======== MATERIAL FOR THIS TASK ========

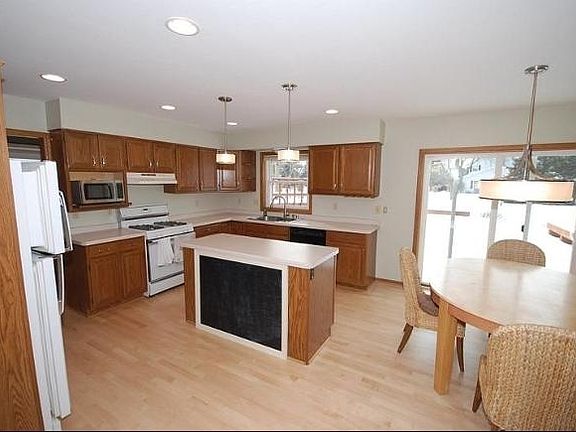 2nd image of W354N6011 Bayshore Cir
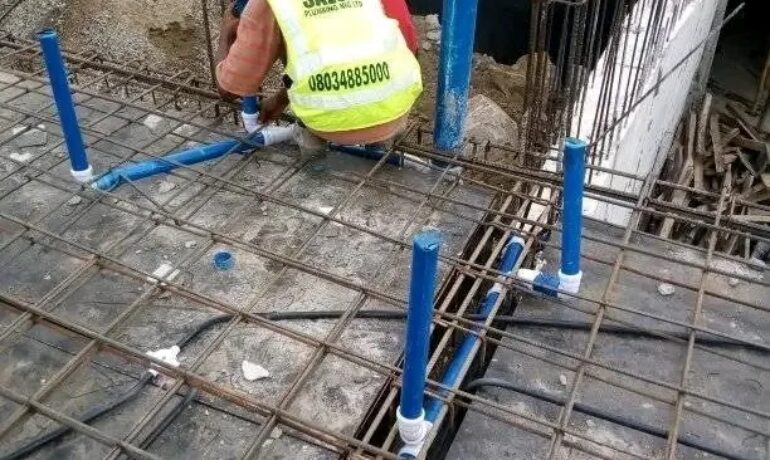 Salos Plumber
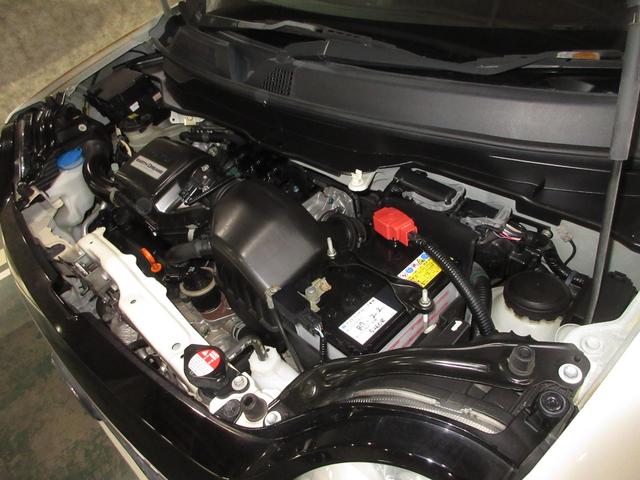 Ｎ－ＯＮＥ プレミアム　ケンウッド８インチメモリーナビＢｌｕｅｔｏｏｔｈＥＴＣＲカメラ　ＤＶＤ再生機能　運転席エアバック　横滑防止　イモビライザー　ＥＴＣ装備　地デジ　バックモニター　助手席エアバック　パワーステ　キーレス（3枚目）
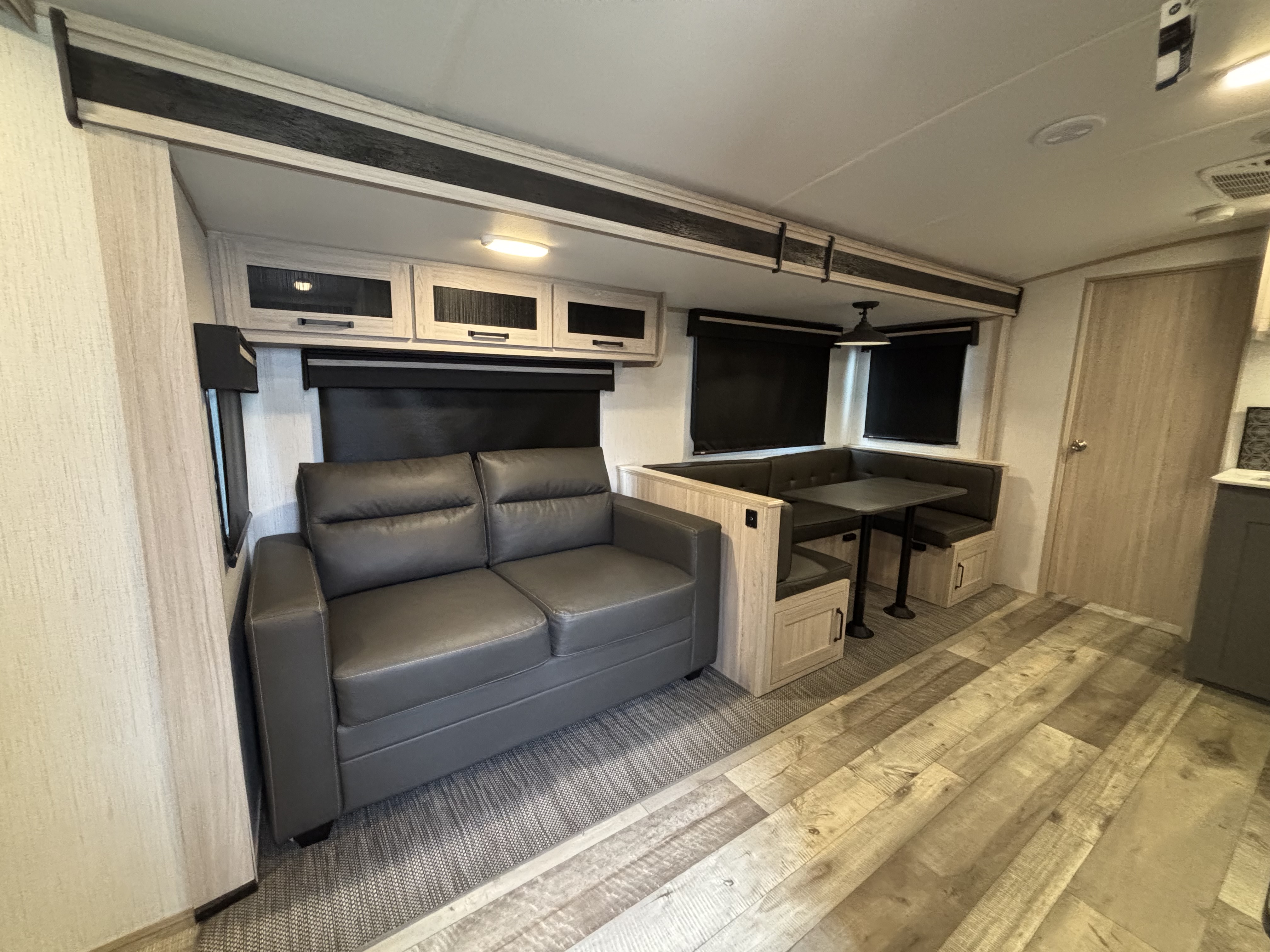 2022 Heartland Sundance Ultra-Lite SDTT 301 BH - Image 11
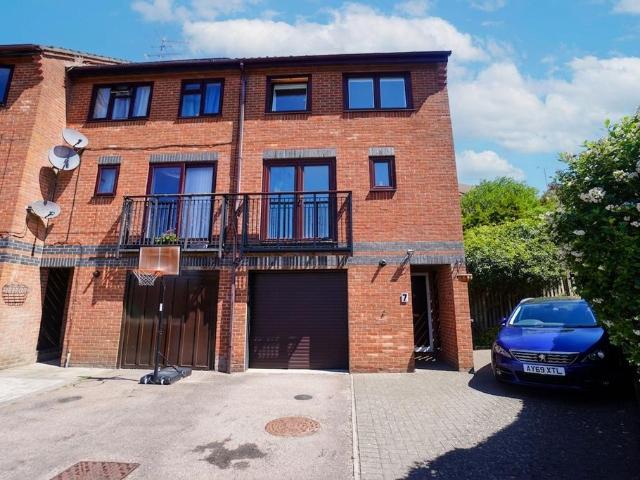 3 bedroom end of terrace house for sale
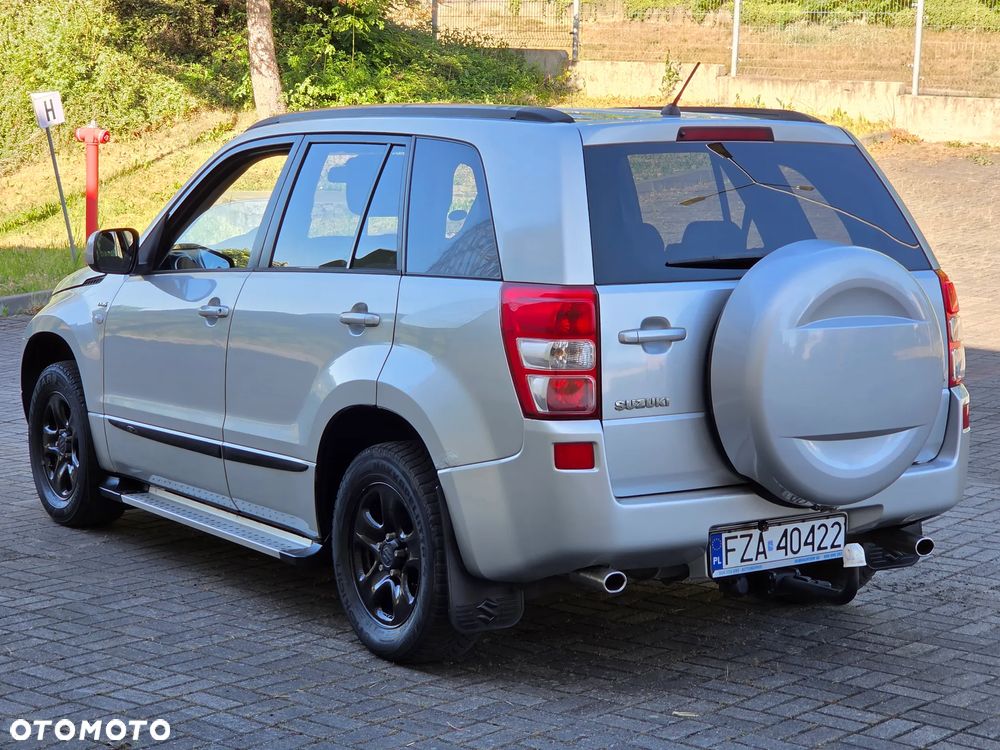 Suzuki Grand Vitara 1.9 DDiS Comfort DPF Family - 5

========

* [EXERCISE BRIEF] "3 bedroom end of terrace house for sale" marks the last line to keep. Retype every line from the start of the entries through that one, exactly, and drop the pictures.

* [EXERCISE RESPONSE]
 2nd image of W354N6011 Bayshore Cir
 Salos Plumber
 Ｎ－ＯＮＥ プレミアム　ケンウッド８インチメモリーナビＢｌｕｅｔｏｏｔｈＥＴＣＲカメラ　ＤＶＤ再生機能　運転席エアバック　横滑防止　イモビライザー　ＥＴＣ装備　地デジ　バックモニター　助手席エアバック　パワーステ　キーレス（3枚目）
 2022 Heartland Sundance Ultra-Lite SDTT 301 BH - Image 11
 3 bedroom end of terrace house for sale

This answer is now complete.